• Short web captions
---*---

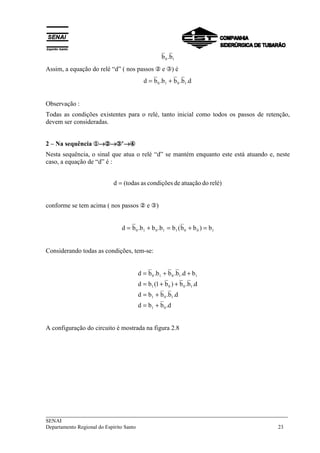 ___________________________________________________________________________
SENAI
Departamento Regional do Espírito Santo 23
10 b.b
Assim, a equação do relé “d” ( nos passos y e z) é
d.b.bb.bd 1010 +=
Observação :
Todas as condições existentes para o relé, tanto inicial como todos os passos de retenção,
devem ser consideradas.
2 – Na sequência xxxx→→→→yyyy→→→→zzzz’→→→→{{{{
Nesta sequência, o sinal que atua o relé “d” se mantém enquanto este está atuando e, neste
caso, a equação de “d” é :
relé)doatuaçãodecondiçõesas(todasd =
conforme se tem acima ( nos passos y e z)
10011010 b)bb(bb.bb.bd =+=+=
Considerando todas as condições, tem-se:
d.bbd
d.b.bbd
d.b.b)b1(bd
bd.b.bb.bd
01
101
1001
11010
+=
+=
++=
++=
A configuração do circuito é mostrada na figura 2.8
 
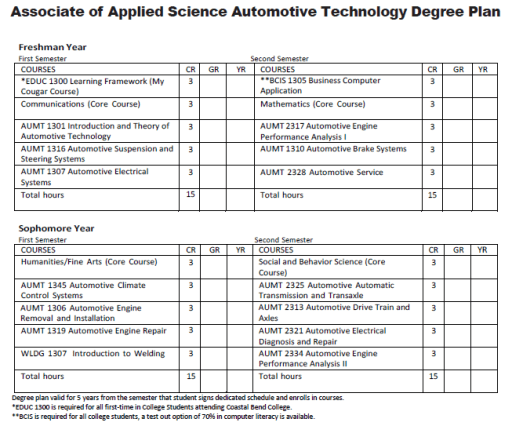 Automotive engineering syllabus store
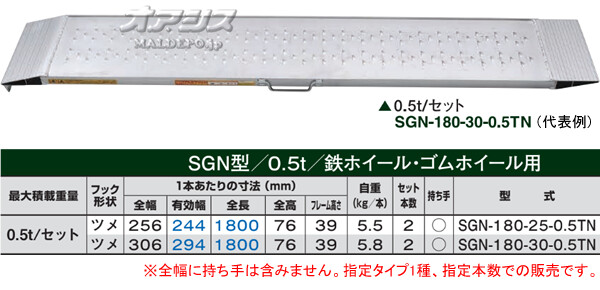 アルミブリッジSGN-180-30-0.5T(1本)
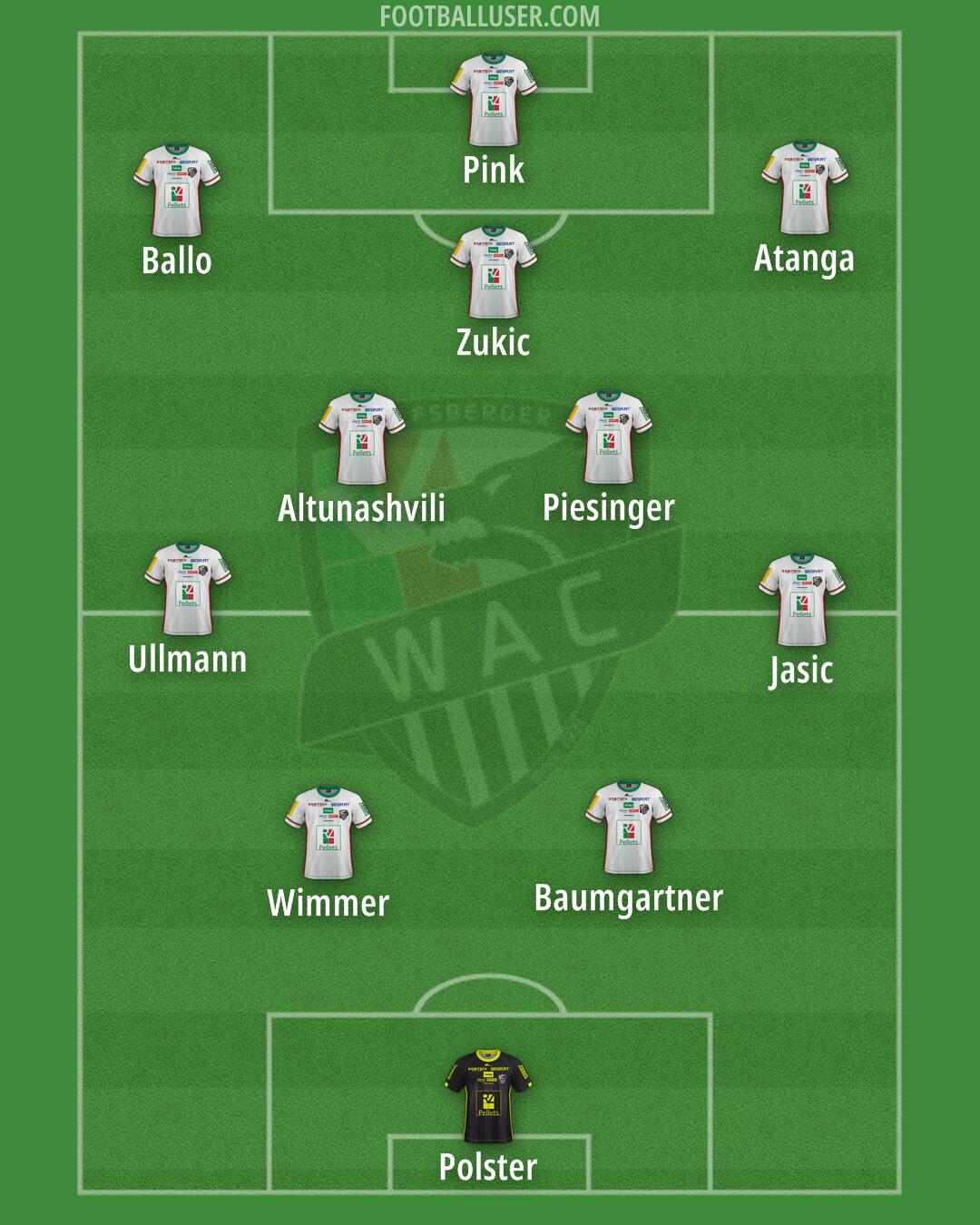 Wolfsberger AC Formation 2024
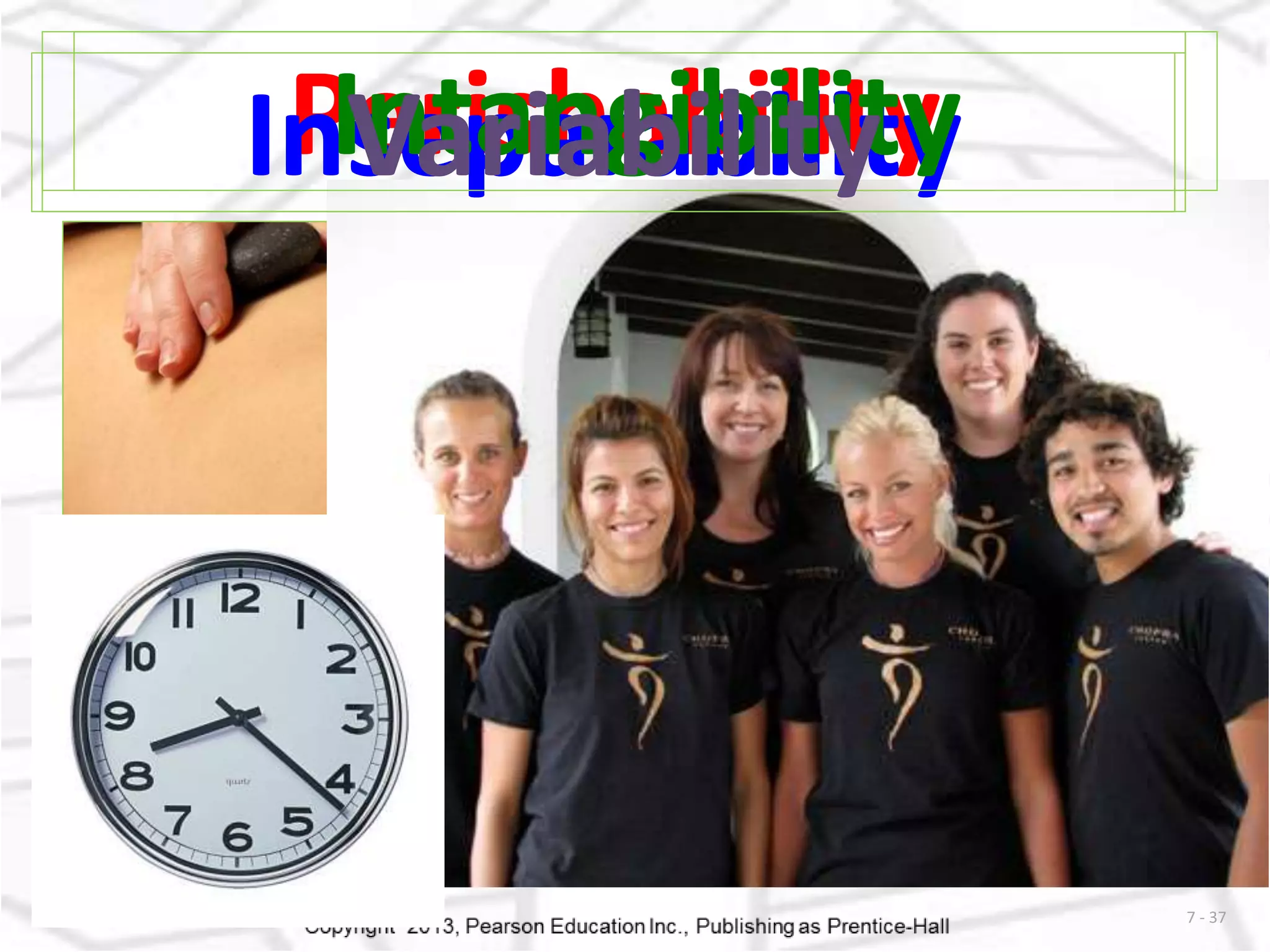 7 - 37 
InPIVseneartpiarsianhargabaibibbliiiiltlliyiitttyyy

---*---

• Required work
Copy every line from the records that holds the string "equação".

• Written solution
Assim, a equação do relé “d” ( nos passos y e z) é
caso, a equação de “d” é :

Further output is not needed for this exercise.